For this exercise, return exactly the lines of the material below that begin at the one with "291 Seaton Ave 1" and stop after the one with "86 - A Makita".

_GIVEN DATA_.
[Start of Attachment]

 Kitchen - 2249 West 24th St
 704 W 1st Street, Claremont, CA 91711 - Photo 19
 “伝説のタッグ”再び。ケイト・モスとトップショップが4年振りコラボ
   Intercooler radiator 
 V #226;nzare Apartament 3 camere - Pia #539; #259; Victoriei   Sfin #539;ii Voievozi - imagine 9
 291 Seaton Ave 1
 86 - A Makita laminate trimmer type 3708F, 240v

[End of Attachment]
[Start of Attachment]

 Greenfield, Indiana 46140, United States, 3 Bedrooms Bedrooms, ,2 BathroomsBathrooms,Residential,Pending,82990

[End of Attachment]

_TASK SOLUTION_.
 291 Seaton Ave 1
 86 - A Makita laminate trimmer type 3708F, 240v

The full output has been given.